[Recorded data]
····················

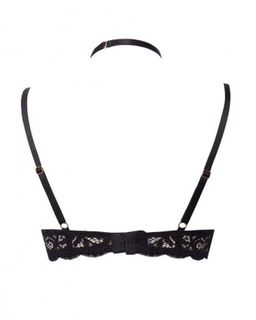 Бюстгальтер - Deseo фото 4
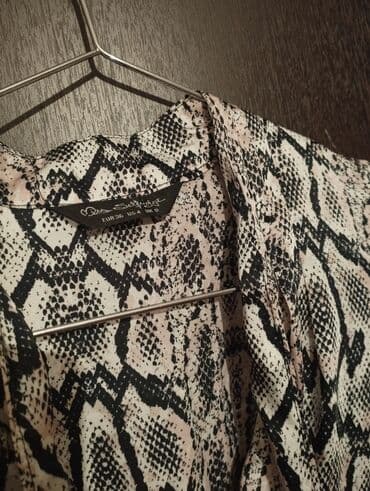 Gündəlik don, Midi, XS lalafo.az -da Gündəlik don, Midi, XS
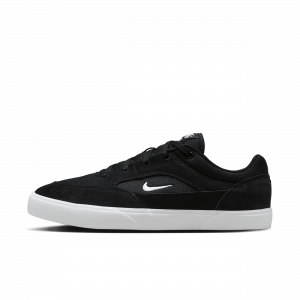 Nike SB Malor Schuh (Herren) - Schwarz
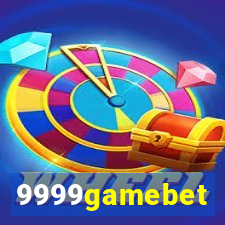 9999gamebet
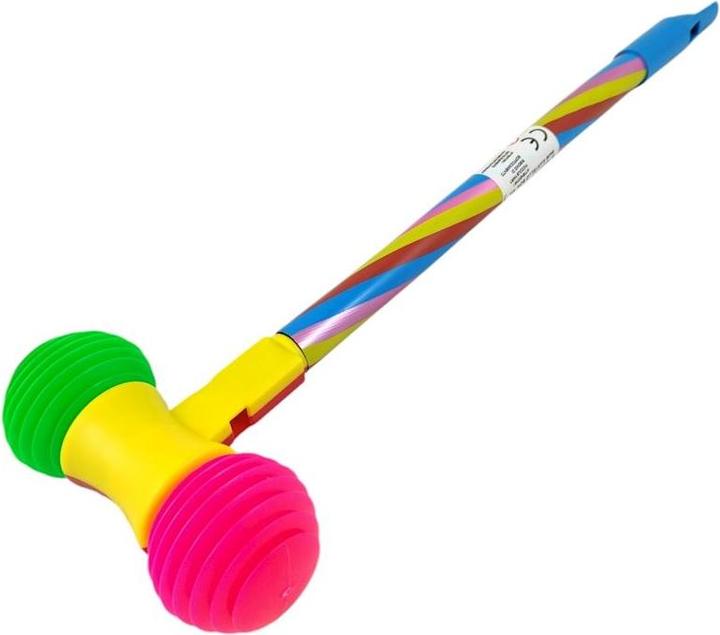 Produktbild Niagara Hammer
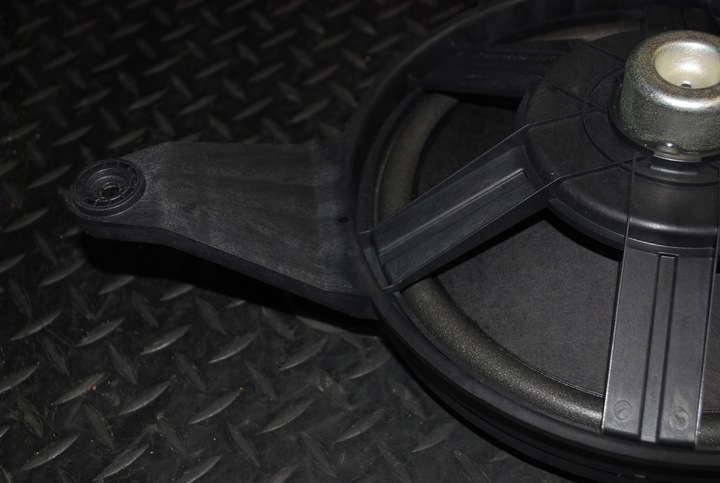 фото №8, Динамик низкочастотный audi a8 d4 4h0035412a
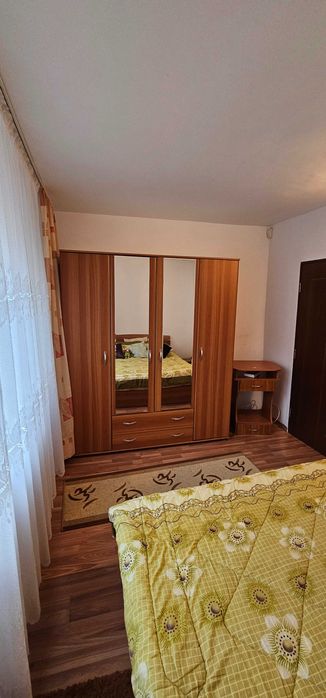 Vand Apartament 2 Camera Zona Tineretului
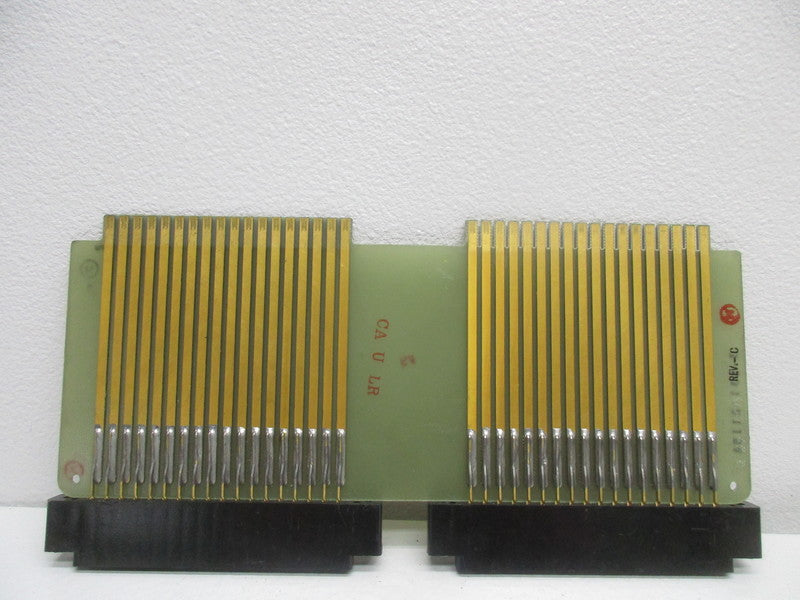 CINCINNATI MILACRON 3-531-2115A EXTENDER BOARD  UNMP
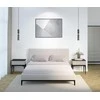 Italux Pakabinamas šviestuvas Isidora PND-14290-1-GR
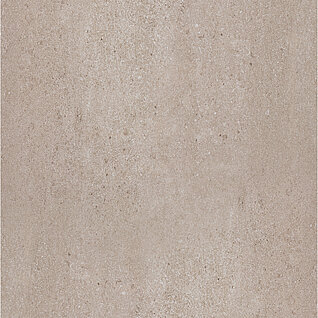 COVERMAX-Travertine-Nature-N25-2000x2000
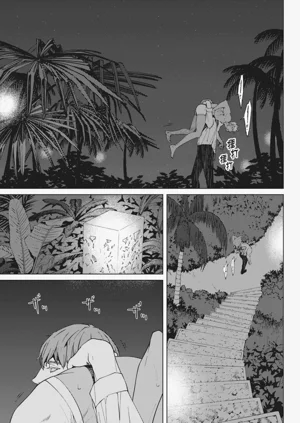 第127頁圖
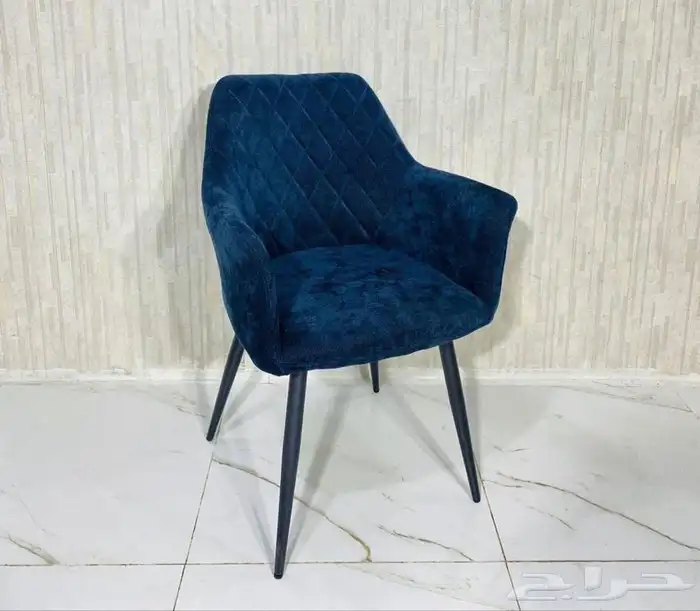 كرسي كوفي كراسي 24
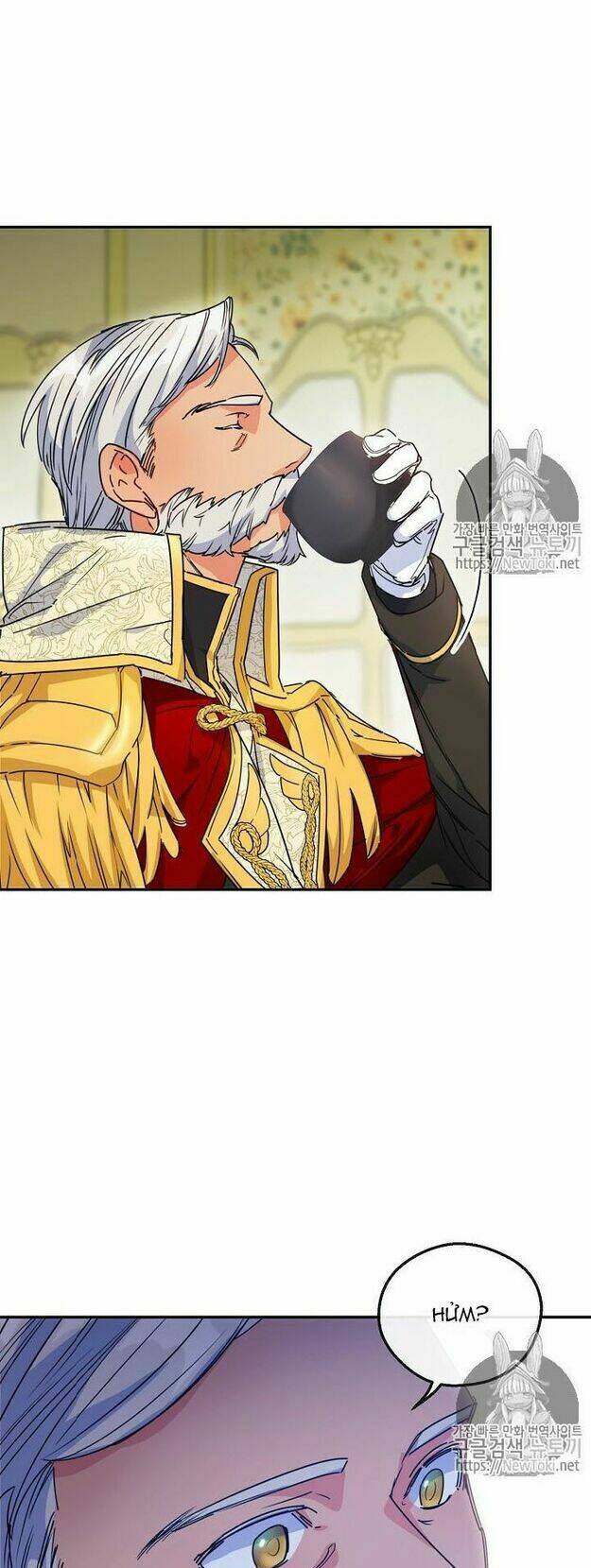 Bí Quyết Trà 50 Của Nữ Công Tước Chapter 48 - Trang 2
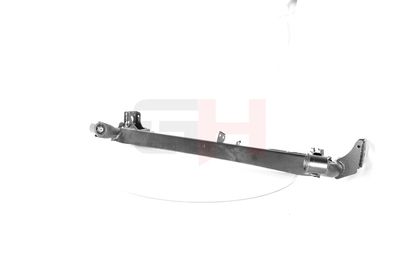 CORP AX GH GH593922 26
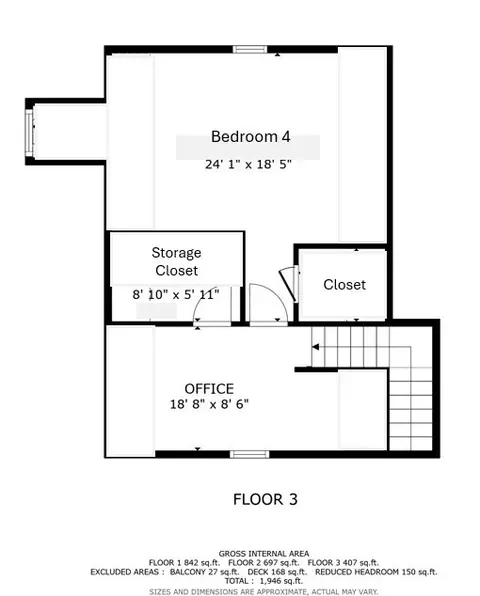 57 Clapp St, Walpole, MA 02081 photo 42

····················

ABOUT THIS EXERCISE: Restate the records above in full, word for word. Keep pictures out.

ANSWER:
 Бюстгальтер - Deseo фото 4
 Gündəlik don, Midi, XS lalafo.az -da Gündəlik don, Midi, XS
 Nike SB Malor Schuh (Herren) - Schwarz
 9999gamebet
 Produktbild Niagara Hammer
 фото №8, Динамик низкочастотный audi a8 d4 4h0035412a
 Vand Apartament 2 Camera Zona Tineretului
 CINCINNATI MILACRON 3-531-2115A EXTENDER BOARD  UNMP
 Italux Pakabinamas šviestuvas Isidora PND-14290-1-GR
 COVERMAX-Travertine-Nature-N25-2000x2000
 第127頁圖
 كرسي كوفي كراسي 24
 Bí Quyết Trà 50 Của Nữ Công Tước Chapter 48 - Trang 2
 CORP AX GH GH593922 26
 57 Clapp St, Walpole, MA 02081 photo 42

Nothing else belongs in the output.